5x5 Go
Two playable 5x5 Go demos: a self-contained 2-ply minimax bot in one HTML file, and the same UI fronted by KataGo running on a small VPS.
Overview
A pair of single-page Go demos at go-5x5.danieljohnmorris.com (custom 2-ply bot) and go-5x5-katago.danieljohnmorris.com (KataGo backend). The full rules engine, scoring, and rendering live in one HTML file each. The KataGo version adds a FastAPI subprocess wrapper and a multi-stage Dockerfile that compiles KataGo from source for the ARM VPS the rest of the site runs on.
A 5x5 Go game playable in the browser, built in two parts. Part 1 is a self-contained 2-ply minimax bot in a single HTML file. Part 2 keeps the same frontend but replaces the local bot with a server-side KataGo backend.
Part 1: 2-ply minimax in one HTML file
index.html holds the SVG board, the rules engine (capture, suicide, simple positional ko), Chinese area scoring with 2.5 komi, and a 2-ply minimax bot. For each candidate move the bot simulates Black’s best reply and uses that score as the move’s value. Pass is treated as a candidate move, so the bot resigns naturally whenever no real move beats passing.
The first version was 1-ply and placed stones directly into capture because static evaluation cannot tell the difference between a future-captured stone and a stone in real territory. The second ply of lookahead fixes that in about 30 lines of code.

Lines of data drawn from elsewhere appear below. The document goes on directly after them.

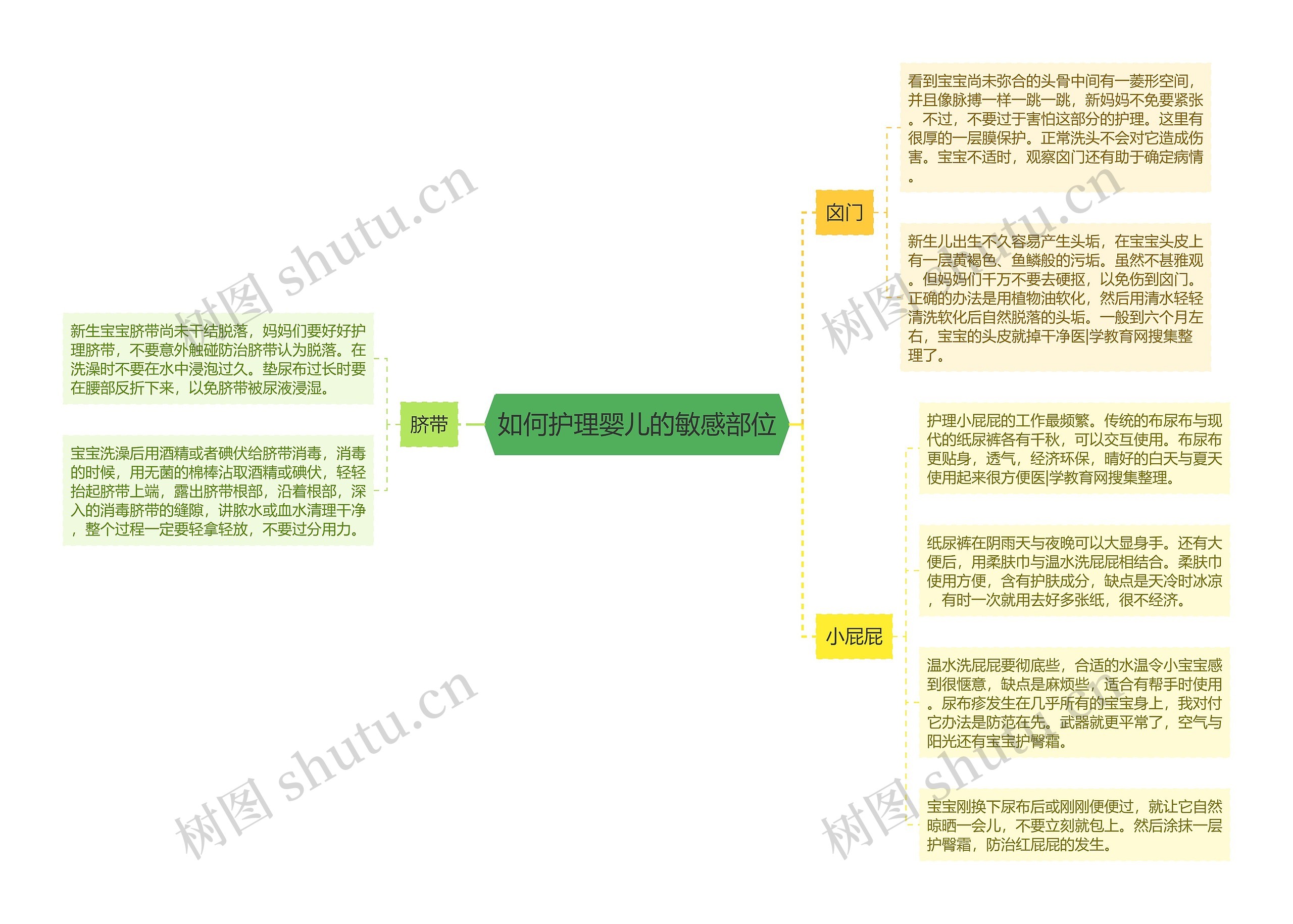 如何护理婴儿的敏感部位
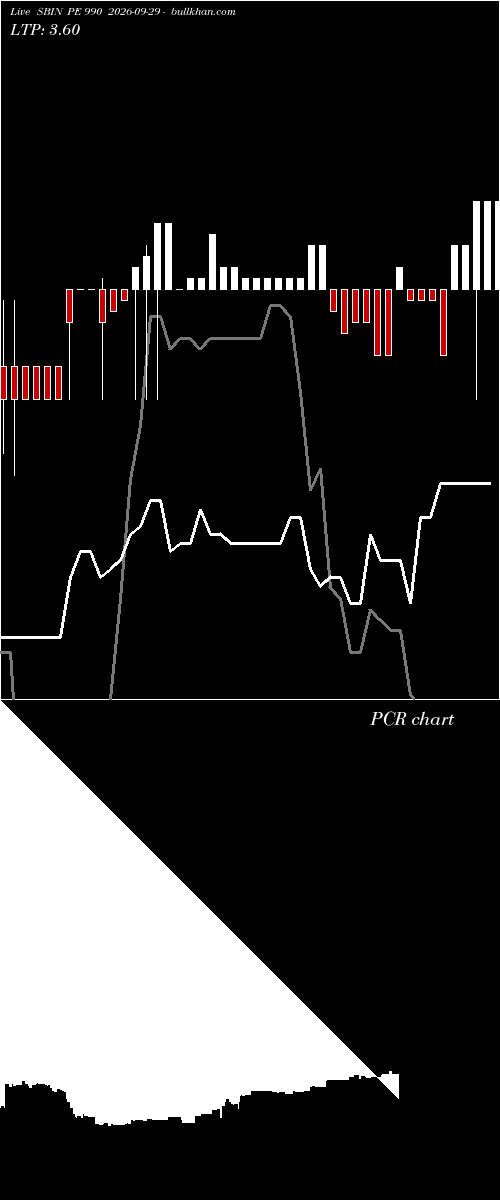  option chart SBIN PE 990 2026-09-29 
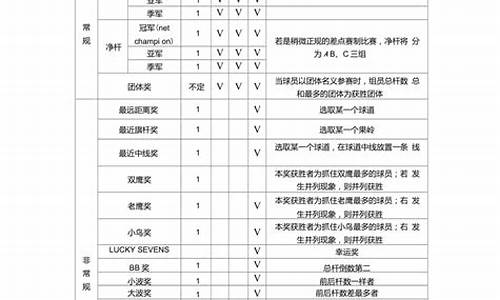 高尔夫联赛奖项设置-高尔夫联赛奖项设置图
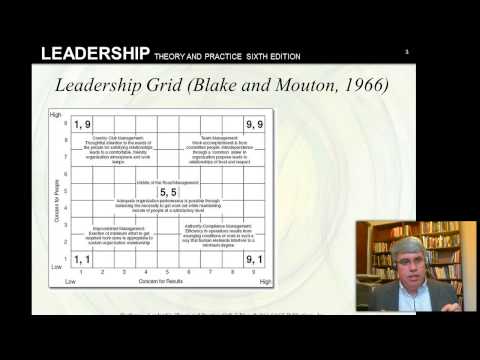 Behavioral Approach to Leadership: Northouse 7th ed., Ch. 4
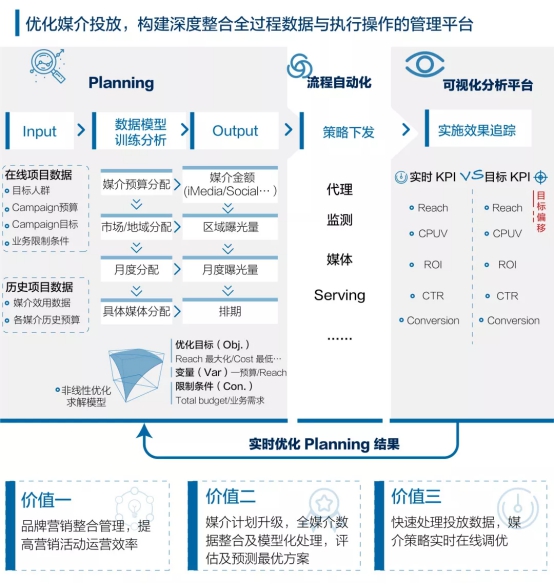 車企如何通過(guò)數(shù)字化變革實(shí)現(xiàn)新型客戶增長(zhǎng)？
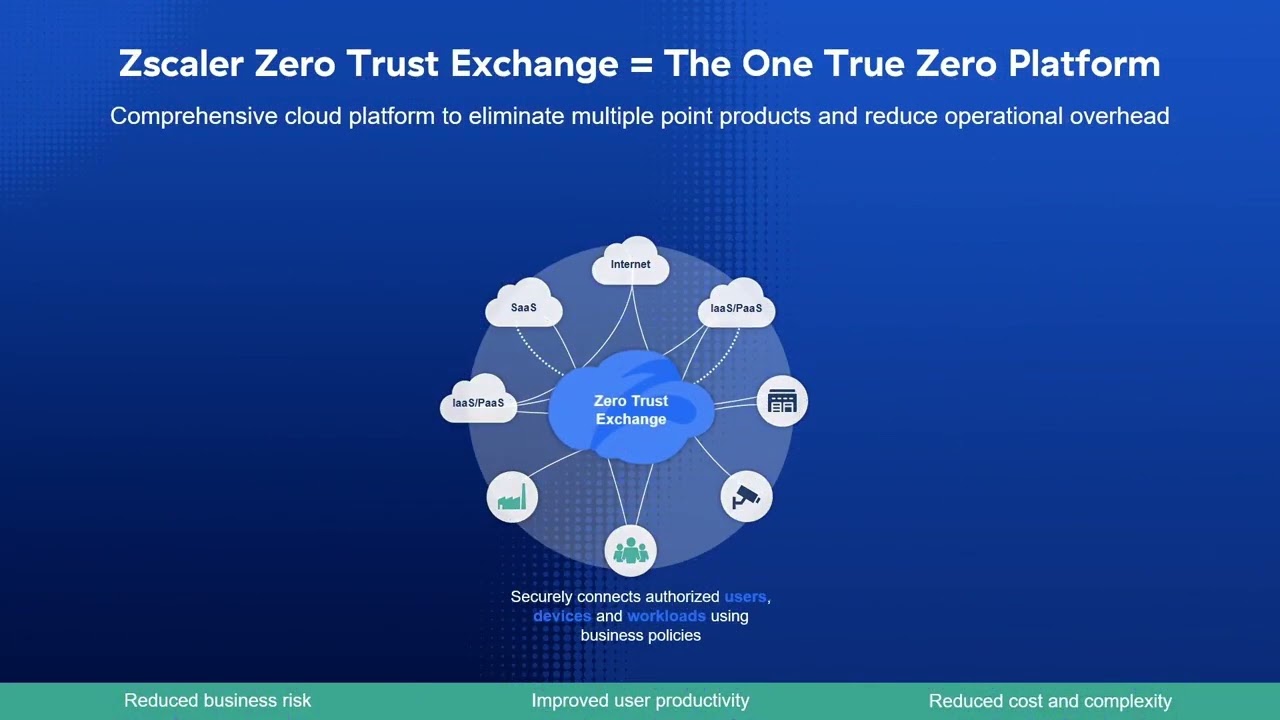 Zscaler extends Zero Trust Exchange cloud security platform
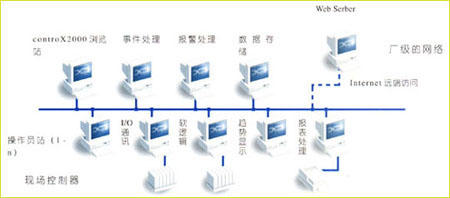 s/2006041414503167982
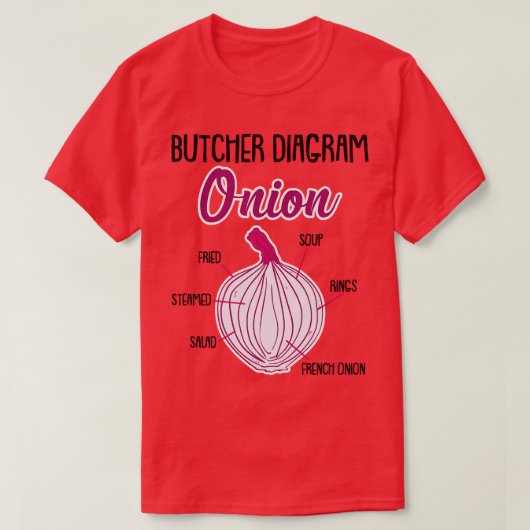 T-shirt Légumes de l'anatomie de l'oignon (Design devant)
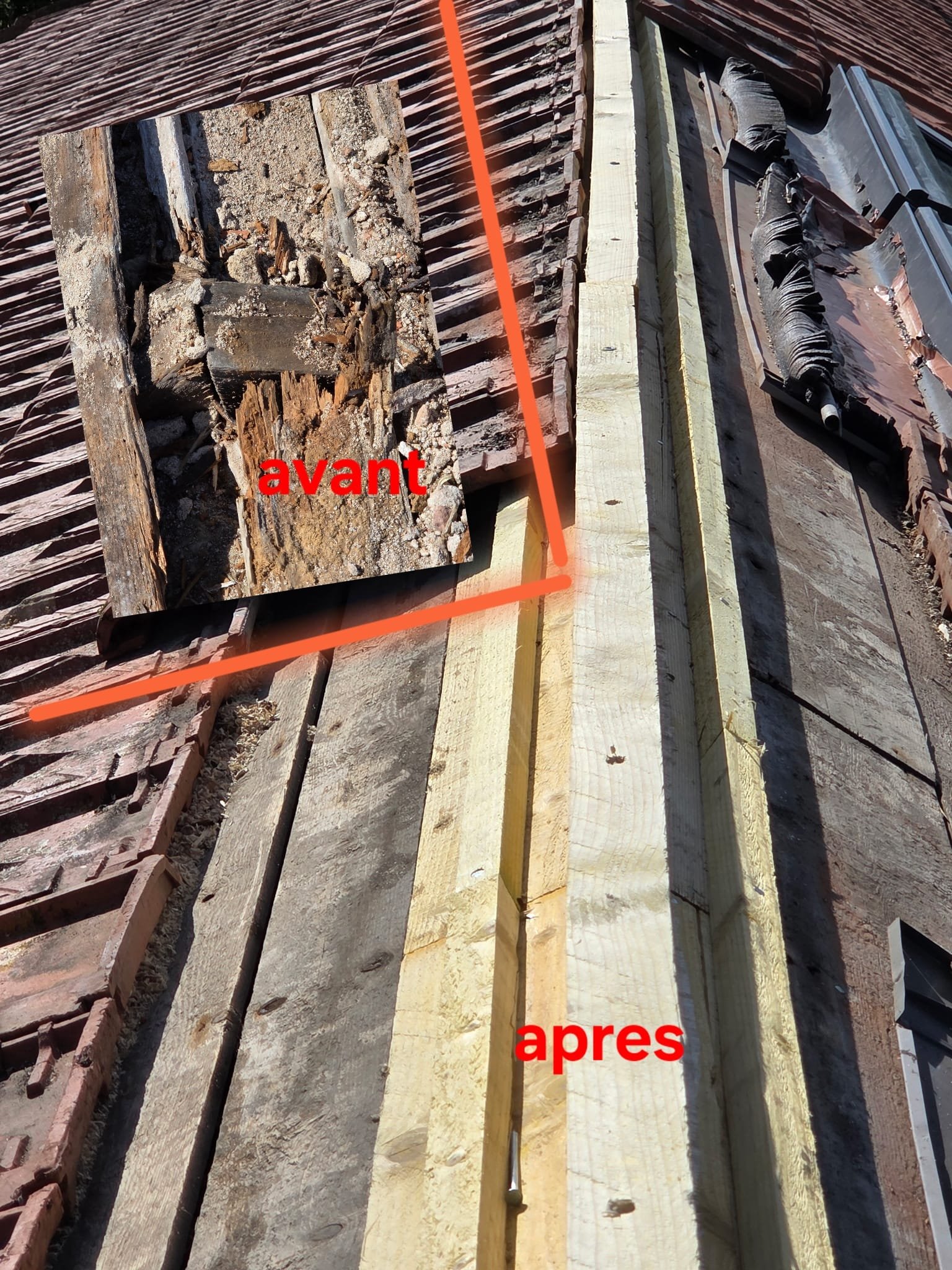 Photo de rénovation de toiture avec un couvercle en construction, montrant l'état avant et après nettoyage. La moitié gauche est en mauvais état avec des tuiles cassées et endommagées, tandis que la moitié droite montre la toiture après rénovation avec de nouvelles planches de bois installées.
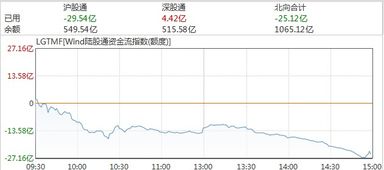 一只股票45元上涨百分之三是多少？如何计算？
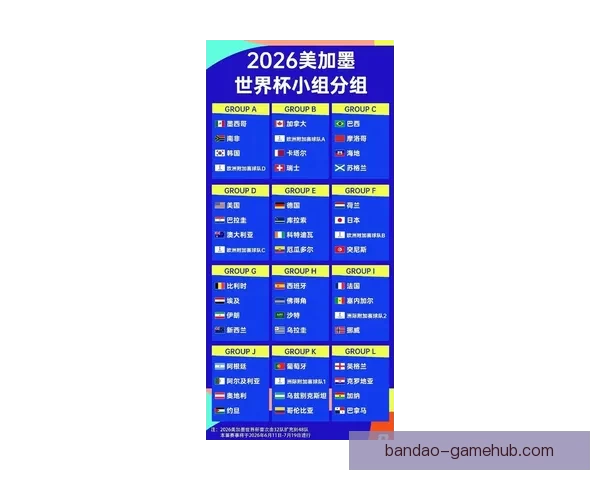 2026年世界杯参赛队伍解析各大洲实力对比与新兴强队崛起
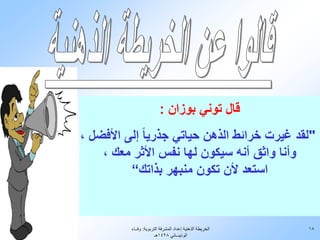 ‫قال توني بوزان :‬
‫"لقد غيرت خرائط الذهن حياتي جذريا ً إلى األفضل ،‬
    ‫وأنا واثق أنه سيكون لها نفس األثر معك ،‬
          ‫استعد ألن تكون منبهر بذاتك“‬


          ‫الخريطة الذهنية إعداد المشرفة التربوية: وفــاء‬   ‫81‬
                        ‫الوذينــاني 8241هـ‬
 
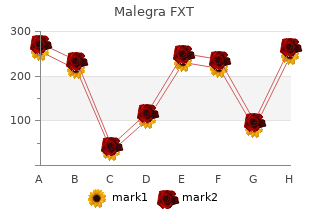 buy 140 mg malegra fxt overnight delivery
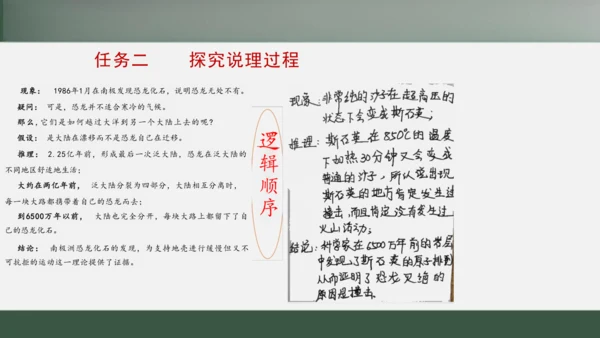 6 阿西莫夫短文两篇 恐龙无处不有 课件（共19张PPT）
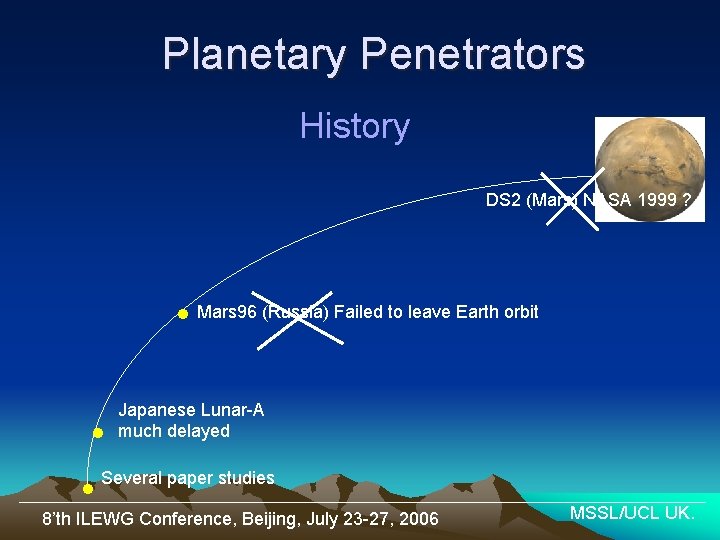 Planetary Penetrators History DS 2 (Mars) NASA 1999 ? Mars 96 (Russia) Failed to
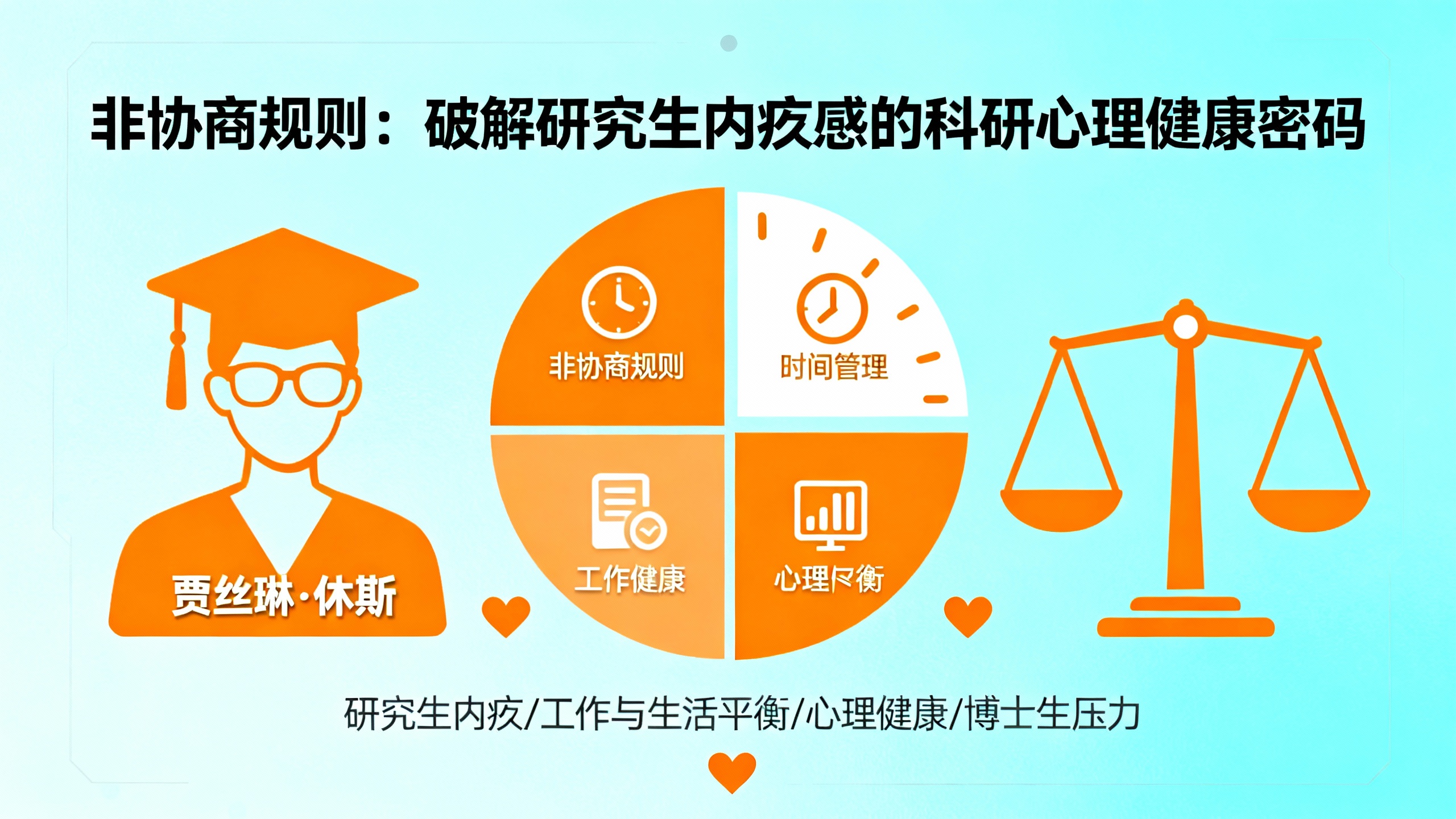 这份清单帮我摆脱了博士生的愧疚感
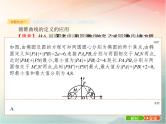 2019届二轮复习（理）专题六直线、圆、圆锥曲线6.2椭圆、双曲线、抛物线课件（28张）（全国通用）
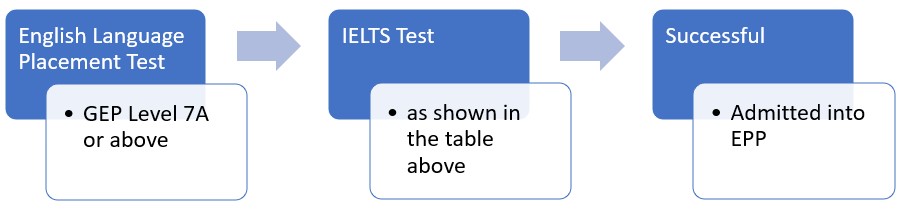 EPP process summary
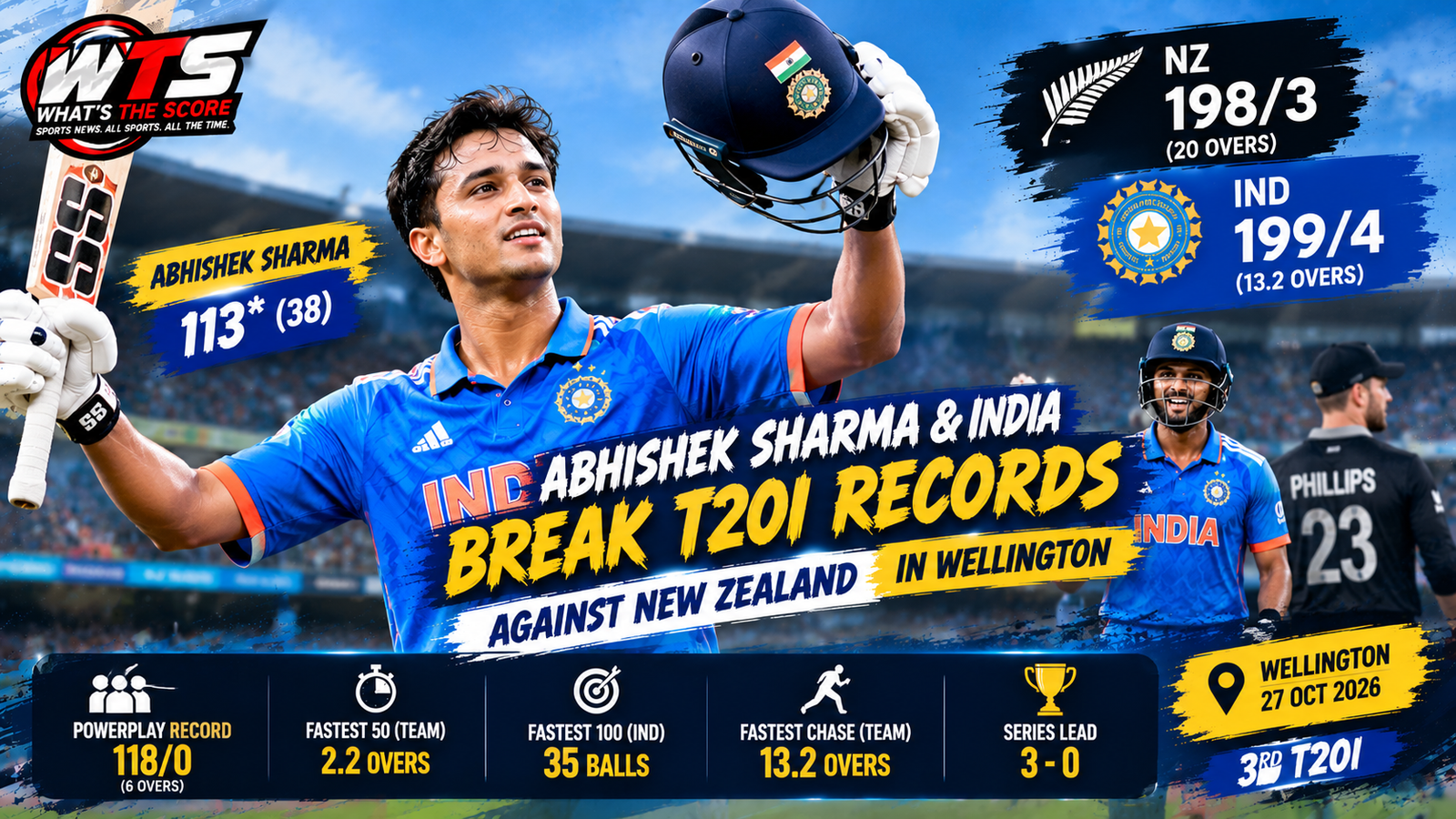 Abhishek Sharma celebrates his 113-run innings as India break men's T20I scoring records against New Zealand in Wellington with a record 118-run powerplay.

Part 2: KataGo behind a FastAPI server
Play · Server · Frontend · Post
Same frontend, with aiTurn() swapped for an HTTP POST to a FastAPI server that fronts KataGo’s JSON analysis engine. The server is a 60-line subprocess wrapper: spawn katago analysis, spin up one reader thread that pulls JSON lines off stdout and routes them by id, and synchronise stdin writes behind a lock.
The Dockerfile is multi-stage. The first stage compiles KataGo from source with the Eigen backend (the GitHub releases only ship linux-x64 binaries, and the VPS is aarch64). The second stage starts from python:3.11-slim-bookworm and copies just the binary across so the toolchain does not end up in the deployed image. Build time is about 4 minutes per Dockerfile change.
KataGo on the ARM CPU with 32 visits takes 2.5 to 4.5 seconds per move, depending on tree depth. That is slow enough that the frontend shows a “KataGo thinking” indicator on the board. The same calls take ~150 ms locally on an M3 Max with the Metal backend, so the post-deploy latency is dominated by the lack of vector instructions on the box rather than any inefficiency in the wrapper.